La spiritualité du Sycomore, Luc 19,1-10
Quand on raconte l’histoire de Zachée aux enfants de catéchisme, ils la trouvent toujours amusante. Malgré le sérieux du sujet, Zachée amuse les petits par sa démarche. C’est que les enfants s’identifient facilement avec ce personnage de petite taille, qui court vite et grimpe sur un arbre pour voir Jésus qui va passer par là.
Sans le savoir, Zachée rentre dans cette attitude que Jésus recommande maintes fois à ses disciples : on accueille mieux le Royaume de Dieu en se faisant petit. La Bonne Nouvelle s’entend mieux avec un cœur de pauvre et de petit. La formule absolue dit même qu’on n’entre pas dans le Royaume du Ciel sans ressembler à un enfant. C’est bien ce que Zachée fait quand il se débarrasse de son statut de cadre supérieur, quand il claque la porte de son bureau de fisc et s’en va grimper sur un sycomore. Il grimpe pour s’élever en altitude. Mais dans son attitude spirituelle il s’abaisse profondément, devenant comme un enfant, poussé par le seul désir de connaître Jésus.
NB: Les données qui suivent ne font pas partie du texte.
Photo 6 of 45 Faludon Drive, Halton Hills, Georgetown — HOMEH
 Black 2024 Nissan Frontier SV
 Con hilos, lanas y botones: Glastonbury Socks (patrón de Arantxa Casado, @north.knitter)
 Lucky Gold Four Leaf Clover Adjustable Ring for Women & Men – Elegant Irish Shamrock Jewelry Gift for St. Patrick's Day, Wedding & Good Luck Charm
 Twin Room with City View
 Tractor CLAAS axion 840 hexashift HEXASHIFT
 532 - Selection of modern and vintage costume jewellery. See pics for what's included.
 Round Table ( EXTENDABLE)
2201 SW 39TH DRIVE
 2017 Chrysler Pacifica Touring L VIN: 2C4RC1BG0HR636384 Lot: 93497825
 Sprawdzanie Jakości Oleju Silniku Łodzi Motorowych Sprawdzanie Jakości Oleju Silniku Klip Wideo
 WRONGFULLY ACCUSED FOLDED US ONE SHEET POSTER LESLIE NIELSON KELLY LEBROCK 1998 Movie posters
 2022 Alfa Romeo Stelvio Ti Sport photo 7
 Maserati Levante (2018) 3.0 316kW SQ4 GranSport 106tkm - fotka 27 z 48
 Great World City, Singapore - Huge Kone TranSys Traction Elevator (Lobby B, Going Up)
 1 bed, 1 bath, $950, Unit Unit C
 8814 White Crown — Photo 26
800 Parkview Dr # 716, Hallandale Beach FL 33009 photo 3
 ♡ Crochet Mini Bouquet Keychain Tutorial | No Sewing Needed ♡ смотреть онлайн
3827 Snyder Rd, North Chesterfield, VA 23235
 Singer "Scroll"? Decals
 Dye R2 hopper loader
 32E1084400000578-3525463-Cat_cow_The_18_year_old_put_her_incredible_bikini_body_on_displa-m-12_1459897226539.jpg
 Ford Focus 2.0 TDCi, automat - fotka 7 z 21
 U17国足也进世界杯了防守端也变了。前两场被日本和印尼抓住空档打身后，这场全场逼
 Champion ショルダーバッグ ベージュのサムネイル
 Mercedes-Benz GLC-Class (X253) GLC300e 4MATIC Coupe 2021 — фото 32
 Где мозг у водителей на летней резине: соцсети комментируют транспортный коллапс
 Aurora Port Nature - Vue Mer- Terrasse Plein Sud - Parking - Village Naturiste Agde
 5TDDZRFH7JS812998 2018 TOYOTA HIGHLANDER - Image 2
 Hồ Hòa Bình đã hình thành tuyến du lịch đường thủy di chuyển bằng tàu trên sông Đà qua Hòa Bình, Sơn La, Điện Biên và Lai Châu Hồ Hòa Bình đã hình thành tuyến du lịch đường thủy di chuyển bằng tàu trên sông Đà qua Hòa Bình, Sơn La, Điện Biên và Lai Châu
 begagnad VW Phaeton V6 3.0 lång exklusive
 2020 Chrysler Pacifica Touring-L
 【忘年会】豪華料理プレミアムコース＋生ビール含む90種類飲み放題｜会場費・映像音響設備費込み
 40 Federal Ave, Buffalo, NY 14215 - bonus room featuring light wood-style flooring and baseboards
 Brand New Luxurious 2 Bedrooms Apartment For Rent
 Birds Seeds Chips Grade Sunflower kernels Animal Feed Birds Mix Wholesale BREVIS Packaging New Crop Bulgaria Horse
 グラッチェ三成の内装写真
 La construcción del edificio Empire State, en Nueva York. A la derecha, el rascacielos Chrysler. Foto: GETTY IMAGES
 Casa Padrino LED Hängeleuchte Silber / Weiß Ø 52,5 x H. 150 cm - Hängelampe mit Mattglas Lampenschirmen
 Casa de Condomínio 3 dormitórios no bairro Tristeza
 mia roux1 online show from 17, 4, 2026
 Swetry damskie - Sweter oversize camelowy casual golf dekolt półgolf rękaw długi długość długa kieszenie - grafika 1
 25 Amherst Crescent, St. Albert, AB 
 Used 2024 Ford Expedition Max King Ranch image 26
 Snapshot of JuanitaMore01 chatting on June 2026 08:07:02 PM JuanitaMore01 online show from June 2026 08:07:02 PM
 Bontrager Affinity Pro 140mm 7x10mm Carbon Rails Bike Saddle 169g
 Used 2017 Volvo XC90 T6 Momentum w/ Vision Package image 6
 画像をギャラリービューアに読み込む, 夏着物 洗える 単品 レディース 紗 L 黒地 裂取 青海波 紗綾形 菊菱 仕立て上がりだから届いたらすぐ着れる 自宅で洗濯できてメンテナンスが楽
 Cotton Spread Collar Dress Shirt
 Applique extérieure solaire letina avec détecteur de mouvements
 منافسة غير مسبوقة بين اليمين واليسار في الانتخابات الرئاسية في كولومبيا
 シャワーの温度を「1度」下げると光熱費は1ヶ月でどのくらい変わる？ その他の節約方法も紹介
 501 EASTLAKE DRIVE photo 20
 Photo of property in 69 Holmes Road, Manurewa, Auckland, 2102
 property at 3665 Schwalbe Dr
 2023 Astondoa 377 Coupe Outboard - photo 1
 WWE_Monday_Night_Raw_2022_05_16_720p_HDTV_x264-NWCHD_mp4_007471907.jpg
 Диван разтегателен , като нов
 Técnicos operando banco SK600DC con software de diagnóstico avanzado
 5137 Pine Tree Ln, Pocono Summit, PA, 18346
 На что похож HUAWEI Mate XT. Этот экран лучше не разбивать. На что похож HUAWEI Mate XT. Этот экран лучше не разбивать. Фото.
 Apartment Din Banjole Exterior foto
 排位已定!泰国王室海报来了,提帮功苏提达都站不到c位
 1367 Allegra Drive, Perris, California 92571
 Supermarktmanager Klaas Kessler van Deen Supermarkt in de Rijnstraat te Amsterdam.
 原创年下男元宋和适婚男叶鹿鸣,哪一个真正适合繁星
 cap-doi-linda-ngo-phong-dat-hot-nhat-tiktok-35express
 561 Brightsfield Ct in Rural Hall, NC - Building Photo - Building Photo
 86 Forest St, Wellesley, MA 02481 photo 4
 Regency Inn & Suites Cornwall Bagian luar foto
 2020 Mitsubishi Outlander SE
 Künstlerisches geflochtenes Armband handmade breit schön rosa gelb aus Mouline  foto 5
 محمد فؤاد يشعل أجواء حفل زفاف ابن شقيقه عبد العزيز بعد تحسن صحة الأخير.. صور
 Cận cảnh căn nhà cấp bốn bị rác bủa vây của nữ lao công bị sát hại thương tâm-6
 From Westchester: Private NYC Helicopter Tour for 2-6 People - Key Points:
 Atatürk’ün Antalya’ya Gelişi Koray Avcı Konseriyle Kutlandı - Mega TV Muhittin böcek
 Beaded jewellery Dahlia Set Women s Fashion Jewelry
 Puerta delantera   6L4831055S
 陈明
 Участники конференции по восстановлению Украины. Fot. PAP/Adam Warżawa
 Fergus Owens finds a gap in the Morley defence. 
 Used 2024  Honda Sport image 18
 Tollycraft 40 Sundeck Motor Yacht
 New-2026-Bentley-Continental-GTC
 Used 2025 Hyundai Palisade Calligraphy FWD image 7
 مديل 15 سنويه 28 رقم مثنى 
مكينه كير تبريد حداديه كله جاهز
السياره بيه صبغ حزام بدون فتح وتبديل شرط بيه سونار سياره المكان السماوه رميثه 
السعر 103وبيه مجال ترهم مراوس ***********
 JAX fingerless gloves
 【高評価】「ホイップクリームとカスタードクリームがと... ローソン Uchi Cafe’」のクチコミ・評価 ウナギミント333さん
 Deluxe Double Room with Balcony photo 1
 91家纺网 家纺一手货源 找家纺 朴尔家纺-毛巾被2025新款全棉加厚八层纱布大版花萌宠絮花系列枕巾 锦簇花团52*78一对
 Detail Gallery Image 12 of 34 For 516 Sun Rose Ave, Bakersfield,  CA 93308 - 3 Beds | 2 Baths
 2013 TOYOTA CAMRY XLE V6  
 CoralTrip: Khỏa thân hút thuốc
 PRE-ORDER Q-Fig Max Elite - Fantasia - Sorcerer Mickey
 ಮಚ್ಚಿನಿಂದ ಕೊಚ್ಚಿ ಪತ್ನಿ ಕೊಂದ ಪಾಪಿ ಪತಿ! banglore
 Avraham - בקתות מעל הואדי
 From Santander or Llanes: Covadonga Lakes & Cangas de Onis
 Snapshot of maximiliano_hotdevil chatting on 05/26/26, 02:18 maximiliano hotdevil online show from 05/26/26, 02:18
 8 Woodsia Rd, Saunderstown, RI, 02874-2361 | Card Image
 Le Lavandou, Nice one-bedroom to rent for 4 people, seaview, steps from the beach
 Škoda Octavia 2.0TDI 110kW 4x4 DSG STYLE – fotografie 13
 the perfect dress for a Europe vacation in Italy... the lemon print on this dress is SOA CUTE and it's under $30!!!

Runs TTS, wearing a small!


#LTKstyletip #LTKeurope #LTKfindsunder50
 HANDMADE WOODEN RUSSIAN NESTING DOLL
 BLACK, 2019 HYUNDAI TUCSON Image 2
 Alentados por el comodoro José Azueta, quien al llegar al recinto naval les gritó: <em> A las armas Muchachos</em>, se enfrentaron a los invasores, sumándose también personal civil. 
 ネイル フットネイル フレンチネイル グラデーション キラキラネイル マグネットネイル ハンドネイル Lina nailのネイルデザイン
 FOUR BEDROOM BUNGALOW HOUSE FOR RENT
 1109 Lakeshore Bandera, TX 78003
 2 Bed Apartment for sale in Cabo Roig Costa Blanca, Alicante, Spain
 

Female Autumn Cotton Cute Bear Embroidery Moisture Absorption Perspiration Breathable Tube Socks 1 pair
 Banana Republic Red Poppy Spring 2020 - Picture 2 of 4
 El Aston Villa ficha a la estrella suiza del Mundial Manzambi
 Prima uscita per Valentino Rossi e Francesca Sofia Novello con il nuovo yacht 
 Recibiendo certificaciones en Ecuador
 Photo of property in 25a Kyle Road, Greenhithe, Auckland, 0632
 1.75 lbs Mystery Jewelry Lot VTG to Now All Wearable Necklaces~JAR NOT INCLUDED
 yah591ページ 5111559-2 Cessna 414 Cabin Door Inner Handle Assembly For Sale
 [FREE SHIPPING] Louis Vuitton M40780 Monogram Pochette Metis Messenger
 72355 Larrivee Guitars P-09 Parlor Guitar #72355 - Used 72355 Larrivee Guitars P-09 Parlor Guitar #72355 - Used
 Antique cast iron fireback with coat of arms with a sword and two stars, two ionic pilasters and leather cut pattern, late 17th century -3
Peut-être a-t-on ri de Zachée ce jour-là, lorsque Jésus le repère sur l’arbre et lui demande gentiment de descendre vite? Mais en se précipitant de descendre, alors même qu’il perd de son altitude dans les branches, Zachée prend de la hauteur. C’est là le retournement. La pointe. Zachée est désormais capable de penser aux pauvres, aux autres « gilets jaunes » ou leurs équivalents de l’époque, et de se soucier pour la justice sociale. « Voici, Seigneur : je fais don aux pauvres de la moitié de mes biens, et si j’ai fait du tort à quelqu’un, je vais lui rendre quatre fois plus. » Ce n’est plus le fisc qui parle. Le fisc ne rend pas. Il prend. C’est un fils d’Abraham qui se laisse évangéliser.
Énorme leçon pour nous, quand nous prenons de l’altitude en grade, en âge, en responsabilité – de quelque manière que ce soit. Zachée nous rappelle qu’il ne faut pas perdre l’attitude qui plaît le plus à Dieu, qui nous rapproche le plus de son cœur, à savoir la spiritualité de l’enfance, « spiritualité du sycomore », celle-là même dont le Père Libermann et Thérèse de Lisieux nous ont laissés un corpus volumineux dans les faits comme dans les écrits. Car le Royaume des Cieux est pour ceux qui ressemblent aux petits.